Work instruction:
Each line below must be transcribed exactly, and no picture may appear in the transcription.

(Given records Opens)

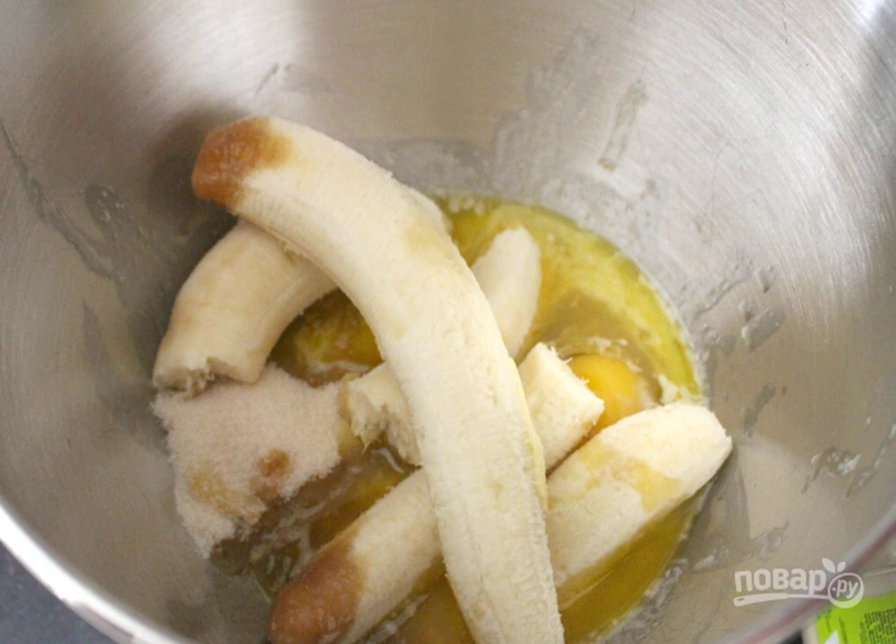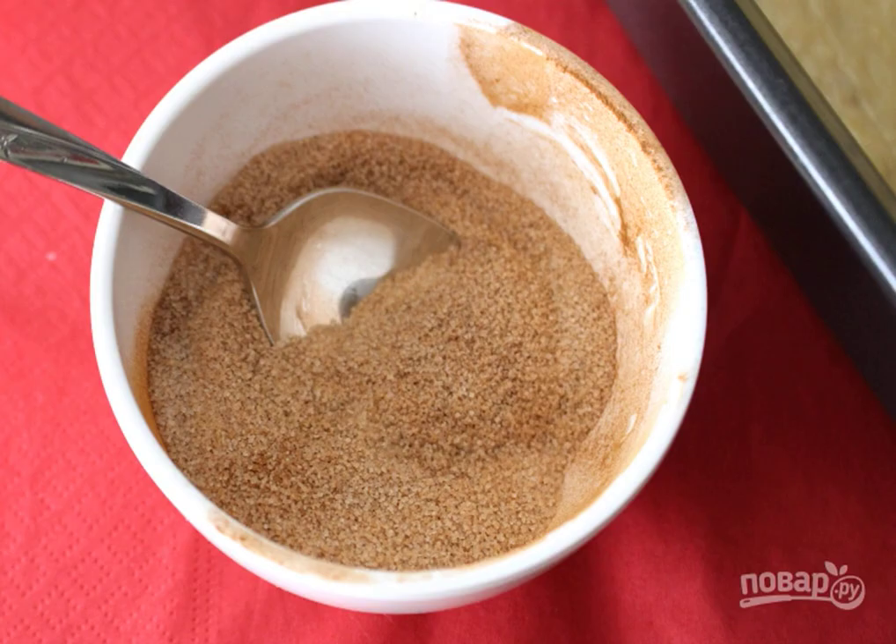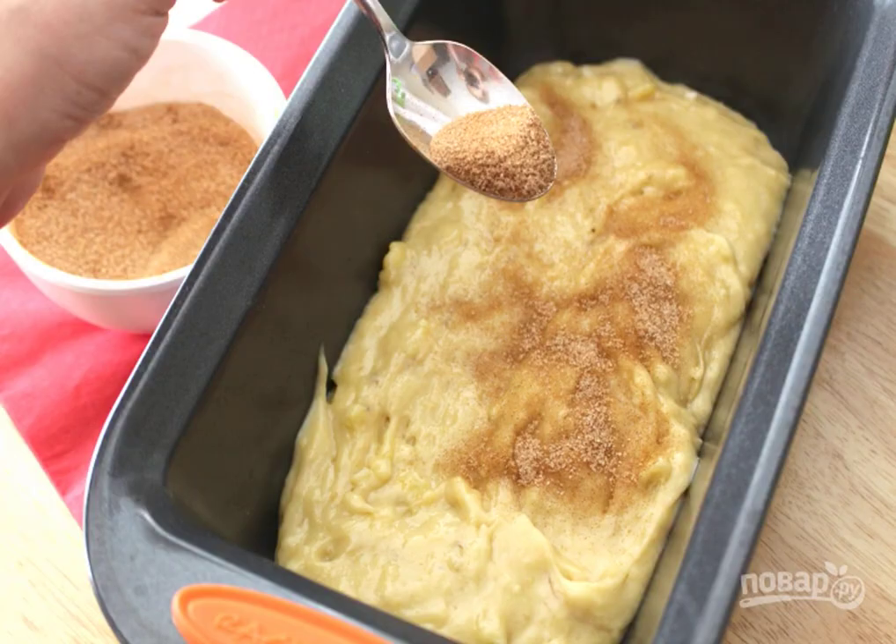Step one: mashed bananas, melted butter, egg, sugar for dough, and vanilla — mix with a fork. Step two: sift soda, salt, and flour separately, then pour the dry mixture into the liquid. Step three: make the filling by rubbing cinnamon with sugar.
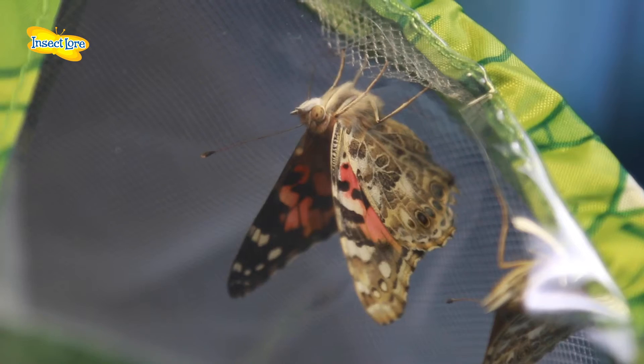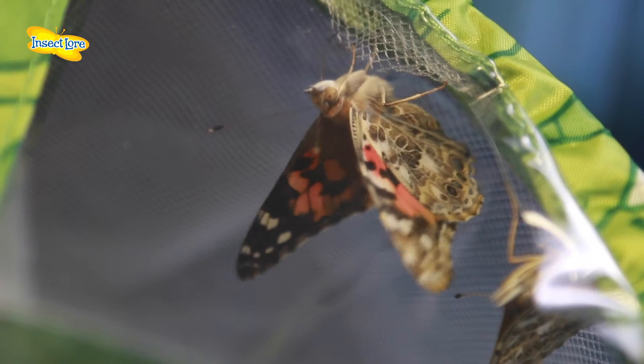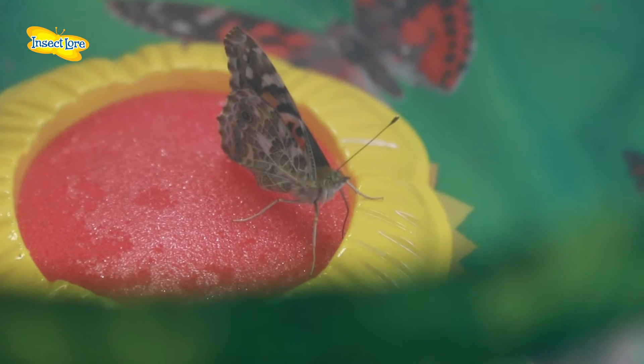After around 10-14 days as chrysalids, your Painted Lady Butterflies will emerge. One to two hours after emerging, your butterflies will be fully formed and ready to fly.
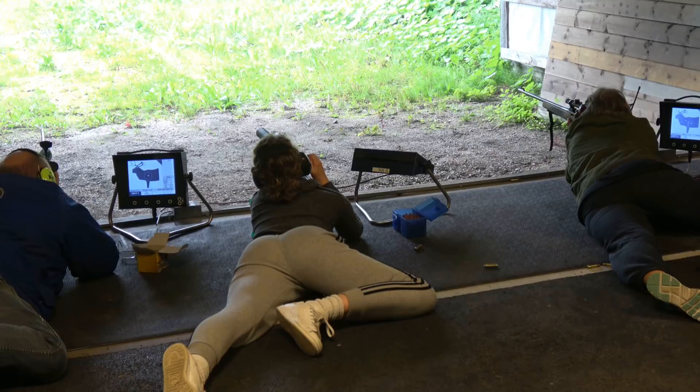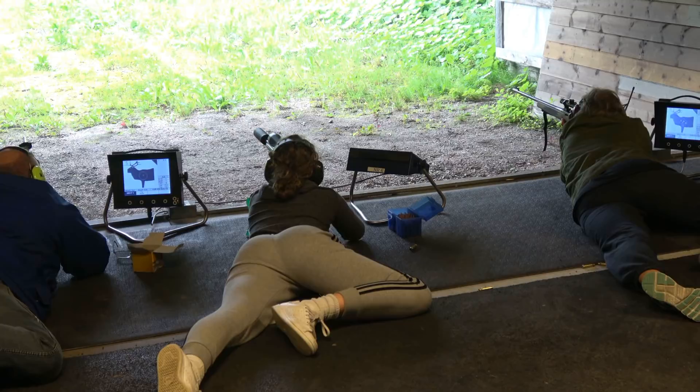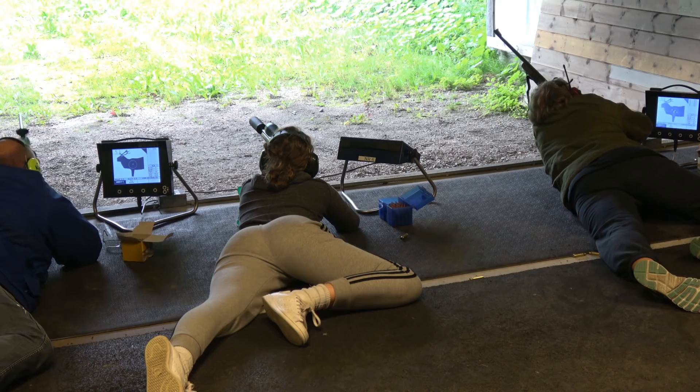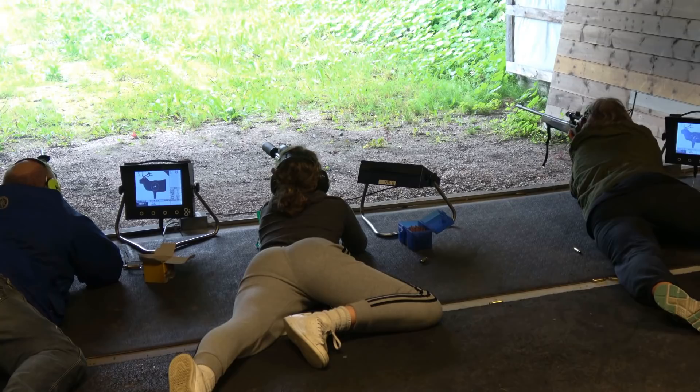Alright. Hello. Can you run? Yeah. Okay, feel it. Okay.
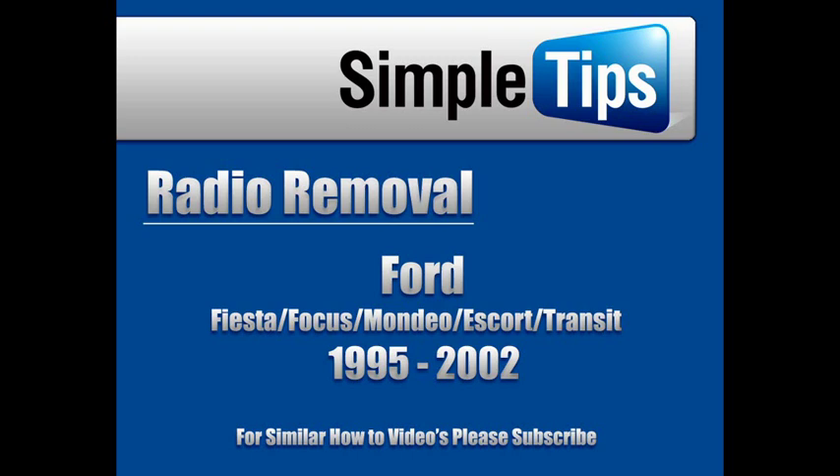This is our tutorial to remove a radio from a Ford model between 1995 and 2002.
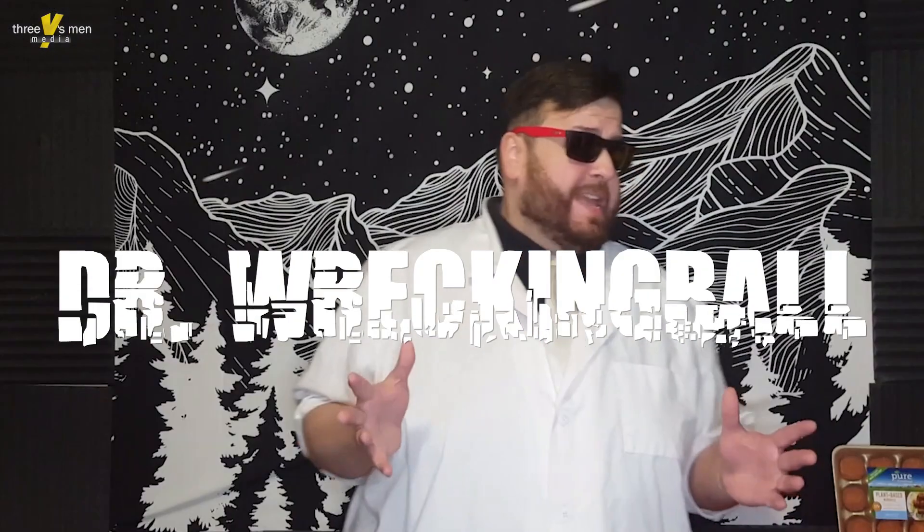Welcome back once again to another meatball review hosted by yours truly, Dr. Wrecking Ball. I guess you could say I'm a bit of a meatball magician, because whenever there's a plate of them next to me, I always find a way to make them disappear.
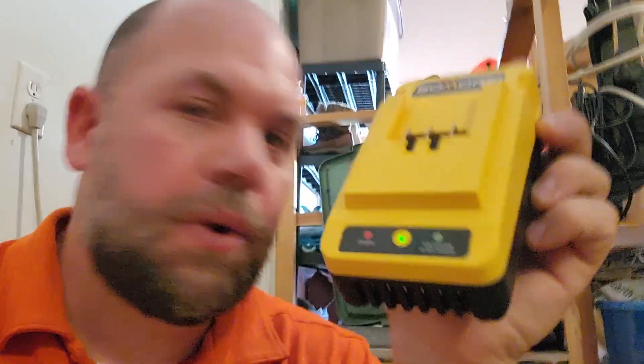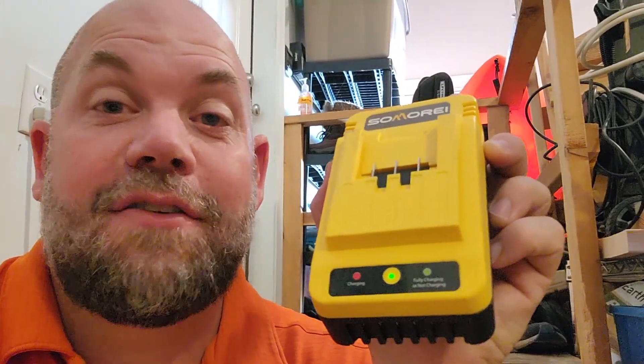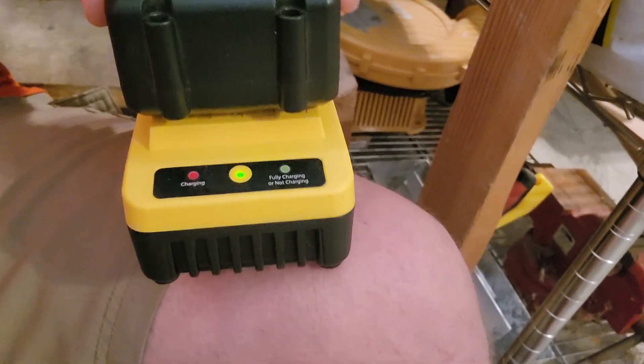Here I am in my garage with my battery charger for my Samori — this is for a 20-volt battery. I have this because I have the Samori leaf blower and multiple batteries for it. I always keep one charging while the other one's in use. You simply take your battery, throw it in the charger, and you can see it's charging with the light. It's already at a full charge, so that's why it's not blinking.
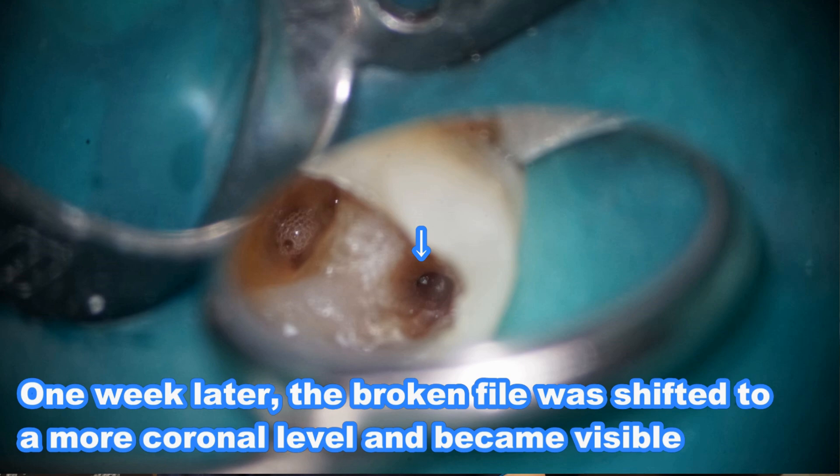However, one week later, I found the broken instrument completely visible, perhaps because of pressure from the periapical tissues. It had automatically shifted to a more coronal level, so I was now able to see the broken instrument.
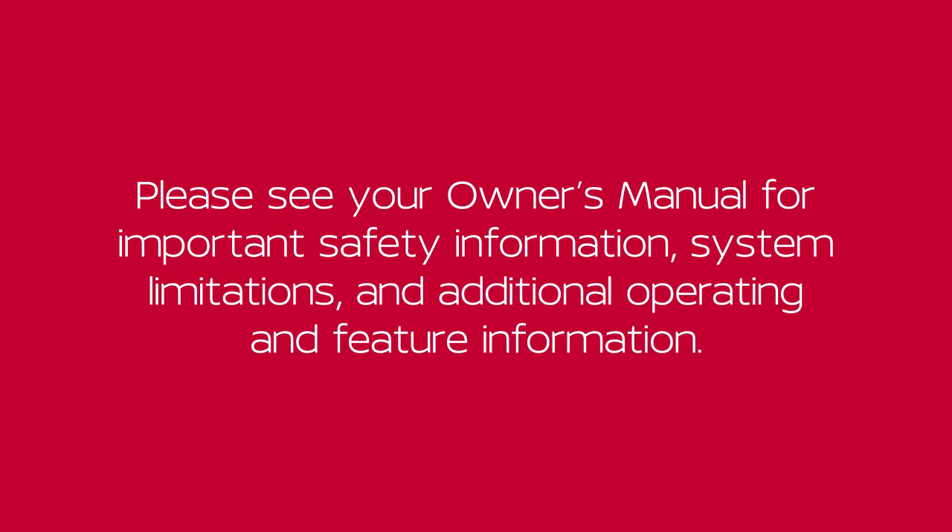Please see your Owner's Manual for important safety information, system limitations, and additional operating and feature information.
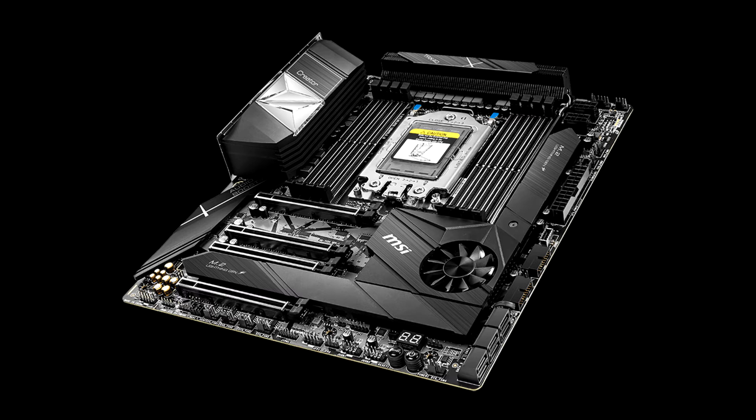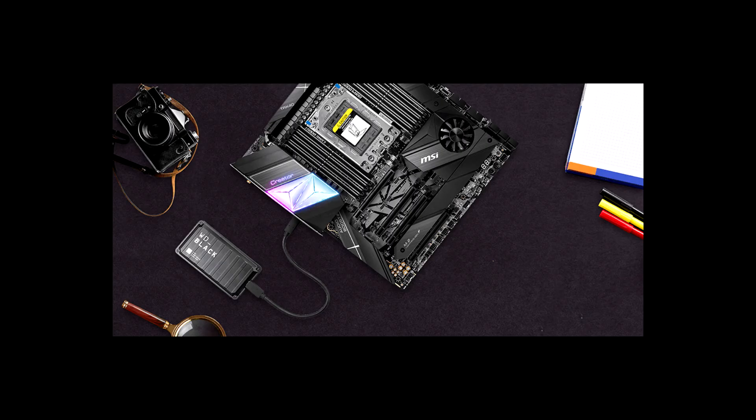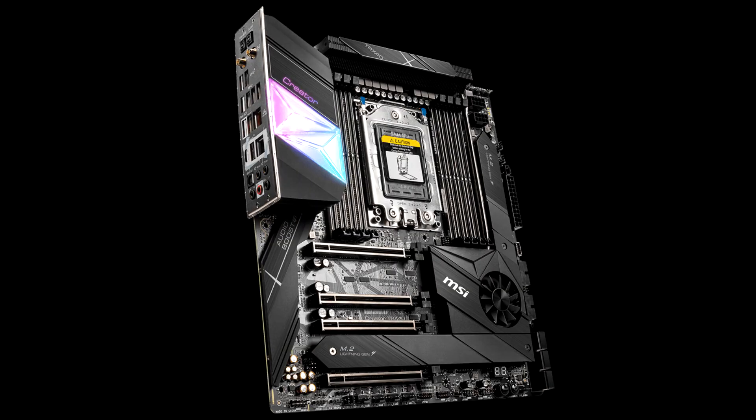MSI offers with its Creator TRX40 an excellent motherboard with everything you could need for professional use. It has a solid, well-designed feed stage that does not overheat. It can accommodate the entire range of new Threadripper, even the latest 3990X. The design of the card is quite sober and the RGB backlight is well integrated. You will also be able to use up to 7 M.2 SSD slots, which will give you a peaceful future.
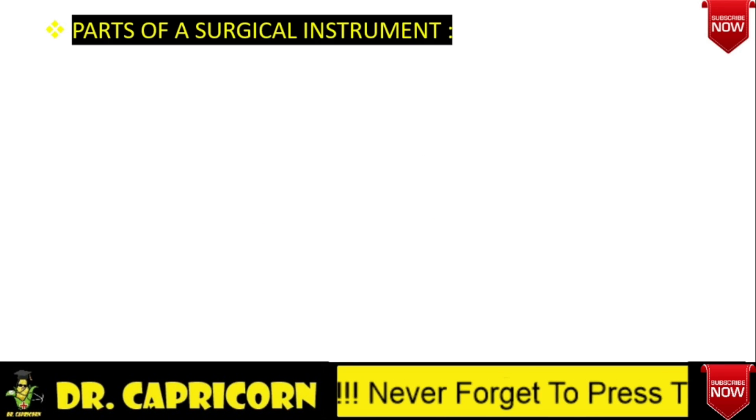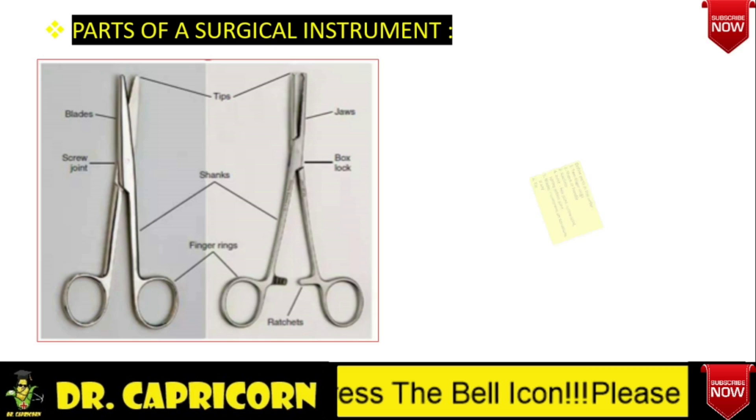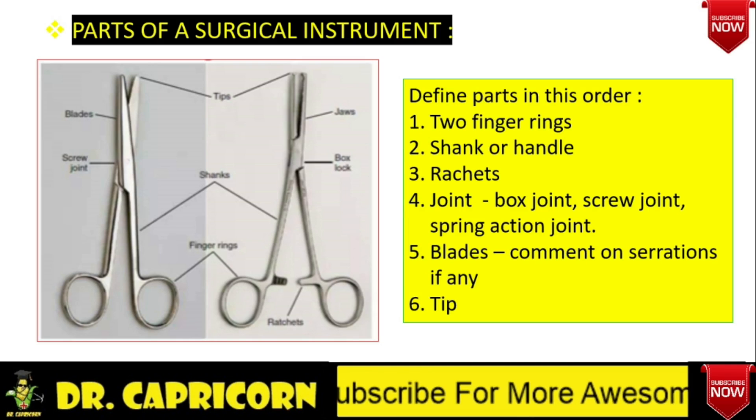Whenever you get the instrument in the exam, how will you define and describe the parts of the instrument? First, there are two finger rings, then there is a handle, also called as shank, which can be small, medium, or large. On the handle, there may be ratchets or it may be without ratchets — ratchets are used to hold any structure firmly. Then there is a joint, which can be of three types: box joint, screw joint, and spring action joint.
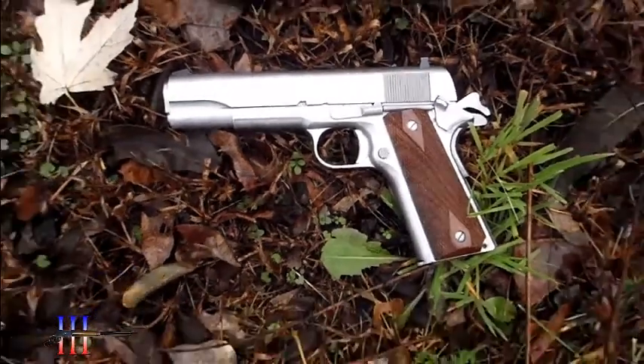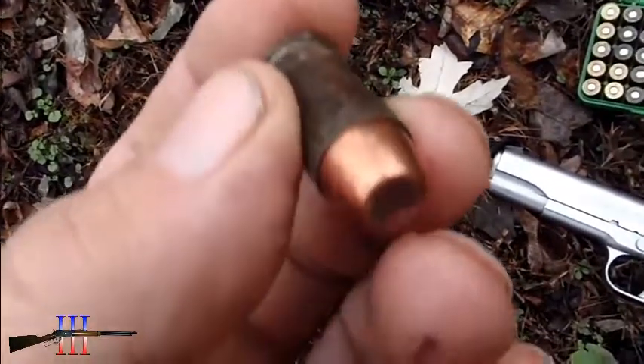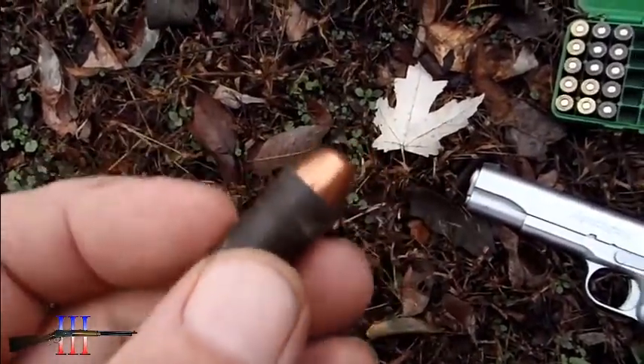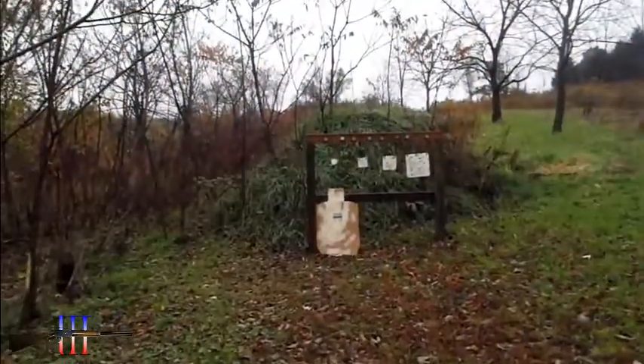Got the Remington 1911 out. Going to be shooting a speer 185 grain flat nose. Take shots at 7 yards.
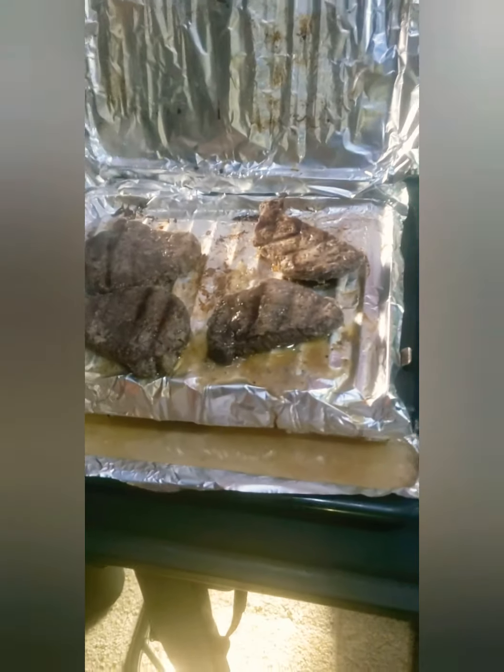These are ready. Look at those grill lines! When you do meat, you don't want to cut it right away — you want to let it sit for a little bit and cool down. I'm going to put the phone down, pick these up, put them on a plate, and cover them with aluminum foil so they can rest.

(Given records Closes)

Task response:
Step one: mashed bananas, melted butter, egg, sugar for dough, and vanilla — mix with a fork. Step two: sift soda, salt, and flour separately, then pour the dry mixture into the liquid. Step three: make the filling by rubbing cinnamon with sugar.
After around 10-14 days as chrysalids, your Painted Lady Butterflies will emerge. One to two hours after emerging, your butterflies will be fully formed and ready to fly.
Alright. Hello. Can you run? Yeah. Okay, feel it. Okay.
This is our tutorial to remove a radio from a Ford model between 1995 and 2002.
Welcome back once again to another meatball review hosted by yours truly, Dr. Wrecking Ball. I guess you could say I'm a bit of a meatball magician, because whenever there's a plate of them next to me, I always find a way to make them disappear.
Here I am in my garage with my battery charger for my Samori — this is for a 20-volt battery. I have this because I have the Samori leaf blower and multiple batteries for it. I always keep one charging while the other one's in use. You simply take your battery, throw it in the charger, and you can see it's charging with the light. It's already at a full charge, so that's why it's not blinking.
However, one week later, I found the broken instrument completely visible, perhaps because of pressure from the periapical tissues. It had automatically shifted to a more coronal level, so I was now able to see the broken instrument.
Please see your Owner's Manual for important safety information, system limitations, and additional operating and feature information.
MSI offers with its Creator TRX40 an excellent motherboard with everything you could need for professional use. It has a solid, well-designed feed stage that does not overheat. It can accommodate the entire range of new Threadripper, even the latest 3990X. The design of the card is quite sober and the RGB backlight is well integrated. You will also be able to use up to 7 M.2 SSD slots, which will give you a peaceful future.
Whenever you get the instrument in the exam, how will you define and describe the parts of the instrument? First, there are two finger rings, then there is a handle, also called as shank, which can be small, medium, or large. On the handle, there may be ratchets or it may be without ratchets — ratchets are used to hold any structure firmly. Then there is a joint, which can be of three types: box joint, screw joint, and spring action joint.
Got the Remington 1911 out. Going to be shooting a speer 185 grain flat nose. Take shots at 7 yards.
These are ready. Look at those grill lines! When you do meat, you don't want to cut it right away — you want to let it sit for a little bit and cool down. I'm going to put the phone down, pick these up, put them on a plate, and cover them with aluminum foil so they can rest.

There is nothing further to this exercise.